Stop number three.
Motz’s is south of the ballparks downtown, which are very close to Canada. I had no idea that the closest point to Canada in Detroit was on the southeast corner.
When I got to Motz’s it was 5:30 and they closed at 6:00. I had the place to myself. About ten stools in front of a long counter. The waitress asks me what I want, so I go with a double, no onions. While this is cooking, we start talking.
I tell her that I’m from Atlanta, and I’m here on the Hamburger America trail. She says, “So you know George? He’s the NICEST guy.” I ask her how long the two of them have been working here together. She says for the entire fifteen years she’s worked there she has worked this shift. Tammy, on the grill, has been there twenty-seven years. The girl that makes the burgers on the morning shift? Forty-three.

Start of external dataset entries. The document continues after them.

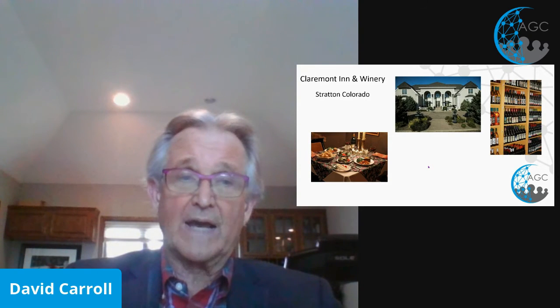I have pictures of some things that I've used barter for as far as travel is concerned. There's the Claremont Inn and Winery in Stratton, Colorado — that's a bed and breakfast, all inclusive, just a gorgeous place with wine. My wife and I stayed there in June of last year. Even during COVID times, we had a great time.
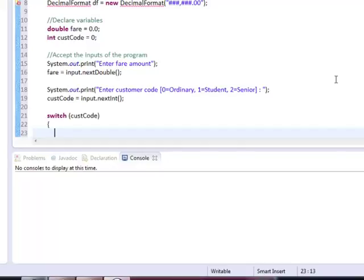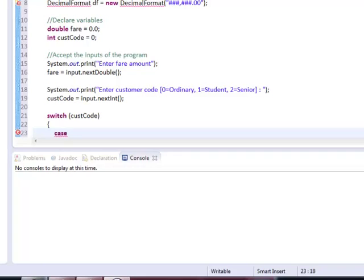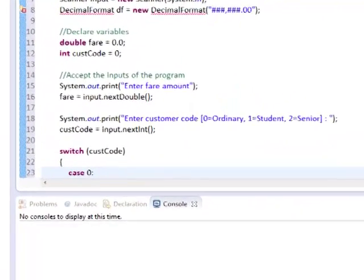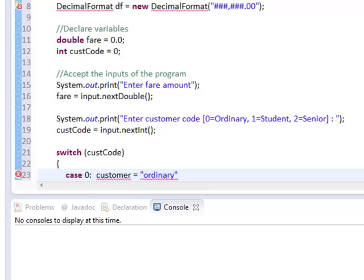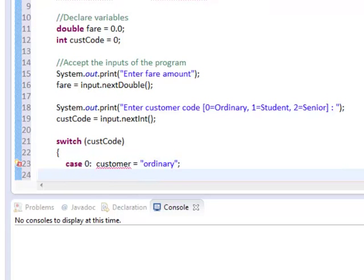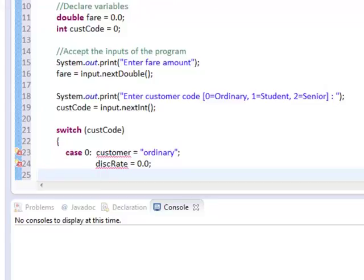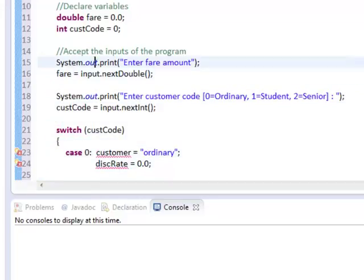Our next approach is to determine what kind of customer we had on the entry and the discount rate we impose. We need to use a variable customer and discRate. So if we have custCode integer is 0, we entered customer is ordinary and discRate is 0. Let us declare our variable.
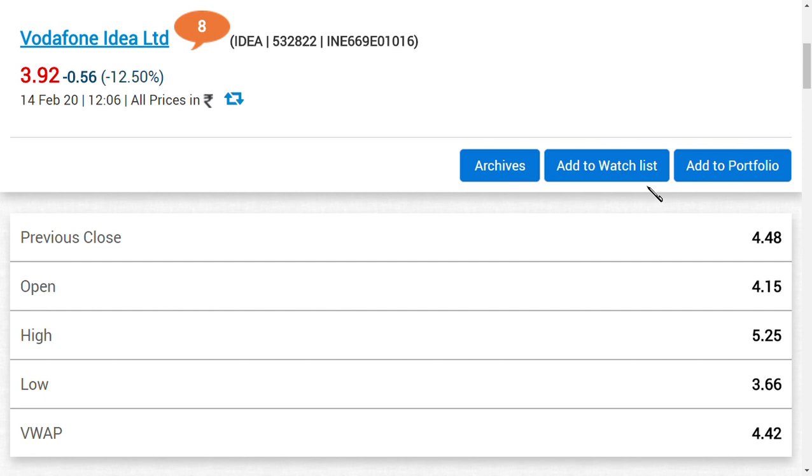Yes, always people say buy on dips and this is the dip caused by media people currently. But who knows what can happen on March 16, 2020 regarding the AGR issue? What happens if the government supports the telecom department and telecom companies and makes them survive? They can stand against the Supreme Court and this may happen.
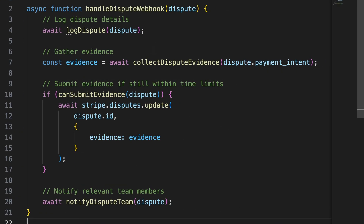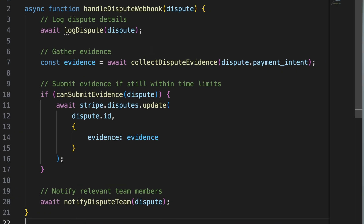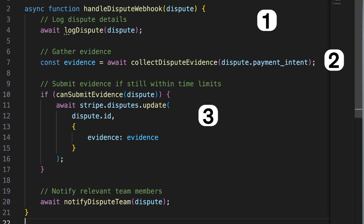Here's some sample code for handling a dispute. This code verifies the dispute, collects necessary evidence, and submits it if the submission is still viable, all while sending an alert to your team.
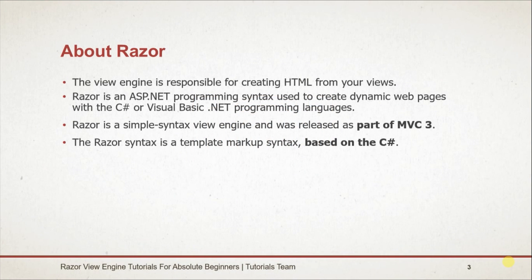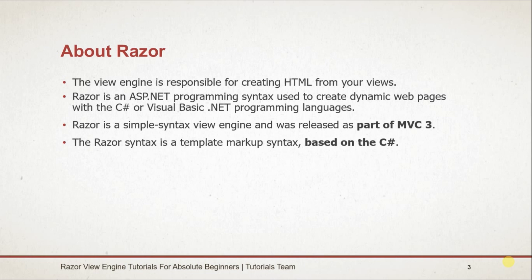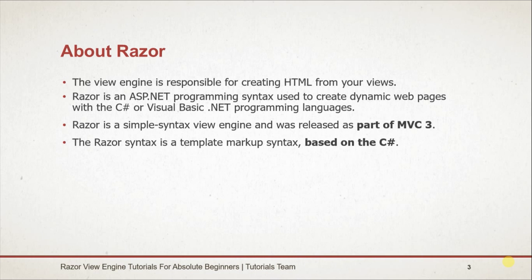What is Razor? Razor is a view engine. The view engine is responsible for creating HTML from your views. Razor is an ASP.NET programming syntax used to create dynamic web pages with the C# or Visual Basic .NET programming languages.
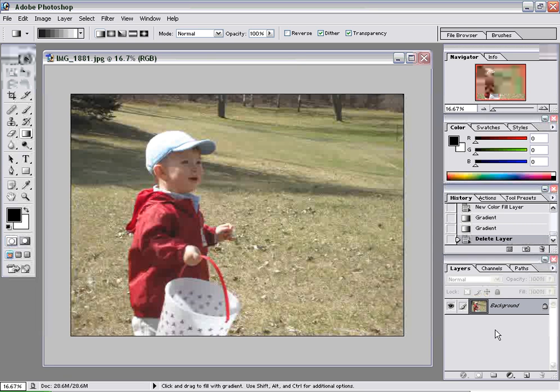Hi and welcome to another E-Motion Design Quick Tip video. In today's video I'm going to show you how to add a blur to the background of a photo.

You know, there’s a lot to be said about working in a diner for THAT long. You get to know each other. You get to know your customers (several other folks came in while I was there and Tammy knew their orders and their names). And you really get to know how to make a burger. The burger?
This was one of the best burgers I’ve ever had, in its simplicity. Two eighth pound patties. Steamed bun. Mustard. Ketchup. It was incredible.
I left out an ingredient. I asked Tammy what made her burgers so good. “I add a secret ingredient.” What is it, you ask? “I put a little love in each burger.” Then she laughs.
I did, too. Then I ordered another burger, for dessert.